In our group, depression episodes, and asthmatic attacks were frequently observed. Most anthropometric measures were significantly higher among cases with asthma, while SCF was significantly lower in cases with depression. In earlier reports, the link between obesity and psychological problems as depression and anxiety have been elaborated (Gupta 2017), as well as with asthmatic episodes (WHO 2018).
In our work, assessment of the body fat relied upon ultrasonography measurement. Its advantages included high accuracy, low cost, non-invasive nature, and short testing time (Wagner 2013). It has a very good correlation to MRI and CT in the detection of subcutaneous and abdominal fat, as well as diagnosis of hepatic affection (Widhalm and Ghods 2010, Von Schnurbein et 2011). It is said in a previous study that ultrasound is a reliable and easier method of measuring abdominal fat and the actual measurement of abdominal fat by ultrasound are more informative than other anthropometric measurements (Premanath et 2017). On the opposite side, some previous studies in obese children showed no benefit of imaging modalities over anthropometry to assess body fat (Koot et 2013).

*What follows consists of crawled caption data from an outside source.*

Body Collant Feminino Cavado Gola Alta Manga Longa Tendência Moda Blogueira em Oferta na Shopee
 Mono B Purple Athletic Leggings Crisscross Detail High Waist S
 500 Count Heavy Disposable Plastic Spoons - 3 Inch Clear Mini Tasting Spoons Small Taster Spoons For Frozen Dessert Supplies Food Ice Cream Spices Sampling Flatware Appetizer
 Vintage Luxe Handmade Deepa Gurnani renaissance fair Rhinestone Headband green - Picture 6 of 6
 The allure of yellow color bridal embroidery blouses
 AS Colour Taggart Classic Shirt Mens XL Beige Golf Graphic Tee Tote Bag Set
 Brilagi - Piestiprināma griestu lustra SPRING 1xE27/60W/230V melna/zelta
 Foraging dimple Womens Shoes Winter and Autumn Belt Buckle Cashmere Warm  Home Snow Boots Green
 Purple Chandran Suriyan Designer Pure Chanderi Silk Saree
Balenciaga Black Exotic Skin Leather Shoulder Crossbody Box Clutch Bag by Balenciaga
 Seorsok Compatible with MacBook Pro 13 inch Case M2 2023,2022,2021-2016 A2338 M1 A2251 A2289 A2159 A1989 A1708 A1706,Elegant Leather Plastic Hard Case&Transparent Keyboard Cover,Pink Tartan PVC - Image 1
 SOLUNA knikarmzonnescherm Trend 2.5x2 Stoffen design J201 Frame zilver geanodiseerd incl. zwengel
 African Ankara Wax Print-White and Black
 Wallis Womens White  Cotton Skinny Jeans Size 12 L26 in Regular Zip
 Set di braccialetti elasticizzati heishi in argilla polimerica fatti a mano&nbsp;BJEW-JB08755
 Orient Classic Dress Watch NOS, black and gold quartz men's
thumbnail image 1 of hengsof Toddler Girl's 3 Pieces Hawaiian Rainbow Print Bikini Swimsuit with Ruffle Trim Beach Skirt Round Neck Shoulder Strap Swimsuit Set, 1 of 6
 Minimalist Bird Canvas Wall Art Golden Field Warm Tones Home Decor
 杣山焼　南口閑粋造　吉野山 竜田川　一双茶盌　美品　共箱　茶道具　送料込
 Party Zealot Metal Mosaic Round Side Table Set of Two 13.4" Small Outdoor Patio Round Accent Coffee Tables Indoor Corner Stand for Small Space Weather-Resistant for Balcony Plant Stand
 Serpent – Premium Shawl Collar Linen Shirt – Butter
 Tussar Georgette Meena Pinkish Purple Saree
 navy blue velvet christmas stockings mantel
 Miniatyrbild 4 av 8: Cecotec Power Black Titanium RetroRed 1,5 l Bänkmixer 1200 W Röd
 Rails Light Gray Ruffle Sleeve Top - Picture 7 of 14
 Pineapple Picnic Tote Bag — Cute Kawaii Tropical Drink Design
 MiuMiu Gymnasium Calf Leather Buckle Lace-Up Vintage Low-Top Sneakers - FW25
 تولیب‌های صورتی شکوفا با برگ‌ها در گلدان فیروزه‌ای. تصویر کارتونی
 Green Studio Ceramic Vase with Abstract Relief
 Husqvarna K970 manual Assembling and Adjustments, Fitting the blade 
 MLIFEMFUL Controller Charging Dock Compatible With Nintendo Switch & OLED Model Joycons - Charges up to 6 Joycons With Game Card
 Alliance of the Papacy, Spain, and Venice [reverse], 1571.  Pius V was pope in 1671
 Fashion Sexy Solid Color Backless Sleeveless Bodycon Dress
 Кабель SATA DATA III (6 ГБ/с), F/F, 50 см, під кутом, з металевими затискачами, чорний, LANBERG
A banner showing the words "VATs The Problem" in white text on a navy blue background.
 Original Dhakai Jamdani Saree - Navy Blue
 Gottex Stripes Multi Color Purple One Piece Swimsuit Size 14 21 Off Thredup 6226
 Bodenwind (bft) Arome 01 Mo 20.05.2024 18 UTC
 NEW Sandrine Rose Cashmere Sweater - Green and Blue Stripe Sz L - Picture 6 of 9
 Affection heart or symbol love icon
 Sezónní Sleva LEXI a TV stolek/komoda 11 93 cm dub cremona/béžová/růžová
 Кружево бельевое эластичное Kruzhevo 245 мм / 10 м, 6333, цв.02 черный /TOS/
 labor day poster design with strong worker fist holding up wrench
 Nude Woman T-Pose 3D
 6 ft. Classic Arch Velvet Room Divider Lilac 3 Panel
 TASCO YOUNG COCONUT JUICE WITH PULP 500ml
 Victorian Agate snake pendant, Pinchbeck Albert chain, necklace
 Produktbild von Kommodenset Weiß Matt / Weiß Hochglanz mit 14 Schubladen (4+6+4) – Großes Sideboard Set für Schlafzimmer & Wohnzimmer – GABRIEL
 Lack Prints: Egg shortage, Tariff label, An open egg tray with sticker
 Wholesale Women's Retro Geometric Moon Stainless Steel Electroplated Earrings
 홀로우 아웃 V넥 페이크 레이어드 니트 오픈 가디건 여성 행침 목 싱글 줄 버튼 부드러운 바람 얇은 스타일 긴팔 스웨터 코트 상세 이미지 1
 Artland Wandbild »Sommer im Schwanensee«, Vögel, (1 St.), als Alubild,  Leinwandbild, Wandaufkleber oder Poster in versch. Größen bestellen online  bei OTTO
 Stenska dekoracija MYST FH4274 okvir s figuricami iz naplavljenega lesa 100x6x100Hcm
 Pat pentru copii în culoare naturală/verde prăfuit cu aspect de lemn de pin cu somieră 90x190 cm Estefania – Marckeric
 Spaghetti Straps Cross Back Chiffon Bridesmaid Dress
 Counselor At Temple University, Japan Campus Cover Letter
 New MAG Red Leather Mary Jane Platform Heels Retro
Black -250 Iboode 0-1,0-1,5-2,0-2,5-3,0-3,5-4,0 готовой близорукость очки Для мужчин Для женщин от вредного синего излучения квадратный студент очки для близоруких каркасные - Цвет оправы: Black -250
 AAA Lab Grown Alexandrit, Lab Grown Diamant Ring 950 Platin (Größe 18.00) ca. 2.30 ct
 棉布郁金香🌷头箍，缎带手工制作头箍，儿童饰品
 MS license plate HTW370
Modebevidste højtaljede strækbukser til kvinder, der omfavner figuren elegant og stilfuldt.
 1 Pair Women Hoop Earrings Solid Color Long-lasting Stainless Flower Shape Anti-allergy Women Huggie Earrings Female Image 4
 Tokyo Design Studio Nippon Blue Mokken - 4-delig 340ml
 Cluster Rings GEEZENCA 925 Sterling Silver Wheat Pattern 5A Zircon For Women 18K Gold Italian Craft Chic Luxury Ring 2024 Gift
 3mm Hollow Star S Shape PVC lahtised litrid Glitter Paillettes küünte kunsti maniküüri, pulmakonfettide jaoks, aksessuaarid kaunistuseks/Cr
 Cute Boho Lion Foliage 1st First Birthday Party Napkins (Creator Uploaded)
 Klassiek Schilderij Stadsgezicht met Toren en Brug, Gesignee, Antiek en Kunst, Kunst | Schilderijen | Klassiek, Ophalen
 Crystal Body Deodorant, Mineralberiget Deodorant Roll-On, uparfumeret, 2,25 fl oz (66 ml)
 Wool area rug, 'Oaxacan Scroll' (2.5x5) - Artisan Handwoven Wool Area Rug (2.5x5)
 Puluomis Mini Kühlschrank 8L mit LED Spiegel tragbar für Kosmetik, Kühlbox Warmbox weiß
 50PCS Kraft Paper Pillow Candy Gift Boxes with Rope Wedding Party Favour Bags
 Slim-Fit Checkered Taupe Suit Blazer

The strength of our study arises from the current lack of cutoff values for visceral and SCF thicknesses in overweight and obese children. Besides, the need for a simple tool to predict body fat, as well as obesity complications.
This study has some limitations. The control group was younger than the cases. It is a single-center, with a few participants included. Blood pressure was measured only once, owing to the cross-sectional nature of our study.
In conclusion, WC was the best anthropometric indicator for both subcutaneous fat and visceral fat, followed by BMI, TSF, HC, MAC, and WHR. Ultrasound is a reliable method to assess body fat distribution in overweight and obese children, it is a simple, cheap, noninvasive, and valuable technique. Fat parameters were significantly associated with NAFLD cases.